> REQUIRED WORK:
Nothing outside the range is to be copied. From the entries below, reproduce exactly the lines starting at the one with "Adesivo Quadrado Casamentos" and ending at the one with "Cuatro jóvenes desaparecen", without pictures.

-- EXCERPTED DATA follows --

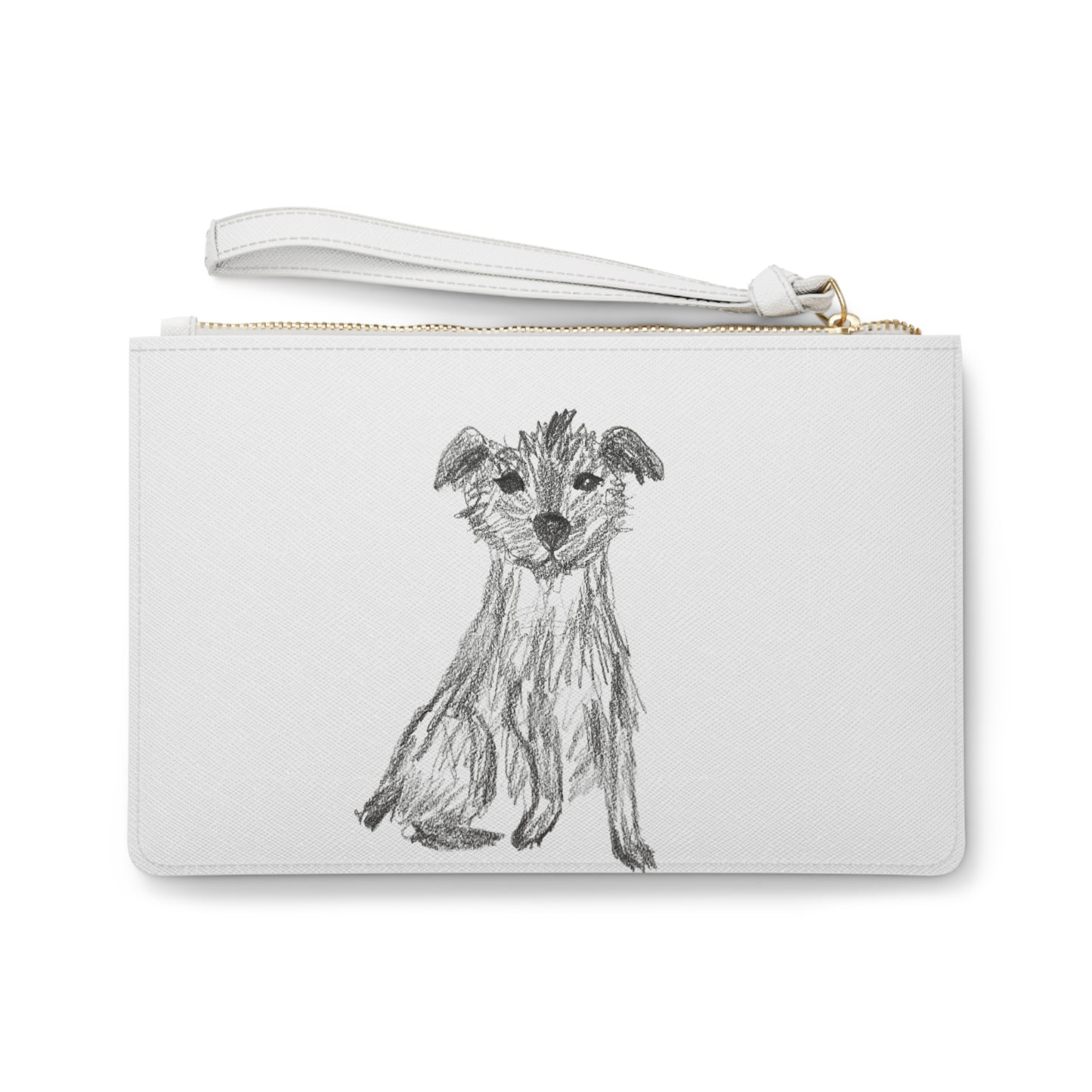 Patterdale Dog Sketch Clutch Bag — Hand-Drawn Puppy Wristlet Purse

-- EXCERPTED DATA concluded --
-- EXCERPTED DATA follows --

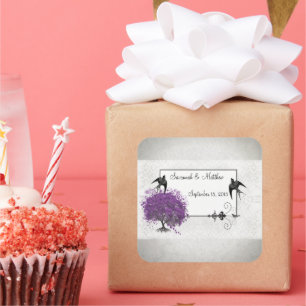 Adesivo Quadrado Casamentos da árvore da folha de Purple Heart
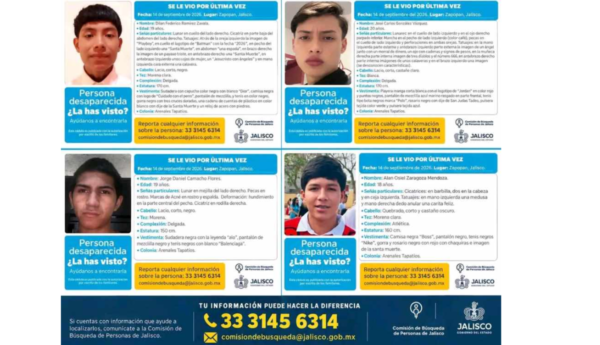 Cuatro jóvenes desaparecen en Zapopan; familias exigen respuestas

-- EXCERPTED DATA concluded --

> WORKED SOLUTION:
 Adesivo Quadrado Casamentos da árvore da folha de Purple Heart
 Cuatro jóvenes desaparecen en Zapopan; familias exigen respuestas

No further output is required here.